We also identified novel predictors of patient satisfaction, such as previous lumbar spine surgery (5). While there is an increasing understanding of the complex relationship between the spine and pelvis, with prior studies identifying lumbar spine pathology and surgery as risk factors for instability and dislocation after THA, much less is understood about how it influences patient satisfaction [34, 35]. Although our results suggest that previous lumbar surgery may be predictive of dissatisfaction, it should be noted that its impact is relatively small and further research is needed to better elucidate the underlying mechanisms. Lastly, we also observed that patients with low BMI (< 18.5) (6) were more likely to be dissatisfied. This could partially be due to poorer nutritional status being associated with poorer physical health, which in turn limits functional recovery and symptom resolution. Prior studies have also reported that patients with low BMI may experience more complications and a longer length of hospital stay after TJA [36, 37]. Although the importance of BMI was observed to be relatively low, it is highly modifiable and highlights the possibility of preoperative nutritional optimization.

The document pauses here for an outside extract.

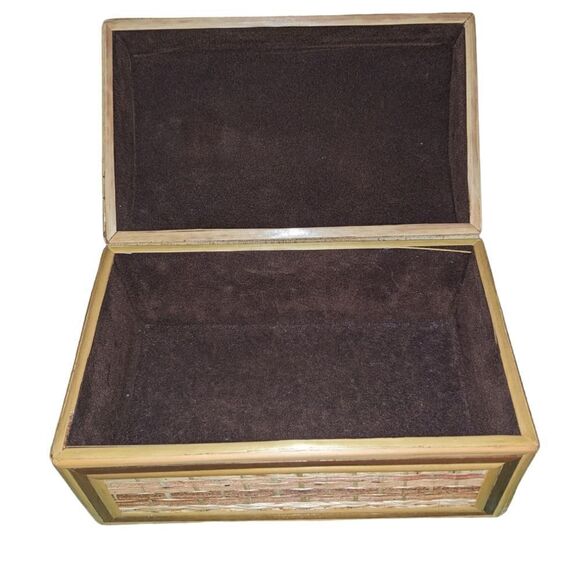 Vintage small wooden and straw weaved box - Picture 3 of 7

Our study had several limitations. First, data used in this study were extracted from a single institution and thus it is unclear to what extent our findings can be extrapolated to other healthcare institutions. Although model performance in our study was assessed on an independent test set, future studies should focus on external validation of ML algorithms using data from other institutions. There was also a significant proportion (n = 488, 24.4%) of patients who were excluded from our study due to incomplete follow-up. This follow-up rate of 75.6%, while not ideal, is expected for studies with intermediate follow-up durations, with prior studies reporting similar follow-up rates of around 70–80% [32, 33]. Next, the performance of our ML models may have been limited by the input variables currently available in our joint replacement registry. Although our variables are largely similar to predictors identified in a systematic review by Gunaratne et al, there may be other factors such as the patient’s preoperative expectations, psychological coping mechanisms and other socio-economic factors which may influence postoperative satisfaction [7]. However, these factors are often overlooked by joint replacement registries and remain poorly understood, thus highlighting the need for further research in this area. Lastly, we acknowledge that our models may not be fully optimized in terms of calibration as the primary aim of our study was to demonstrate the ability of ML models to discriminate between the two outcomes.

Conclusion

Machine learning (ML) algorithms demonstrated fair discriminative ability in predicting patient satisfaction after THA. We have identified modifiable and non-modifiable predictors of postoperative satisfaction which could enhance preoperative counselling and improve health optimization prior to THA.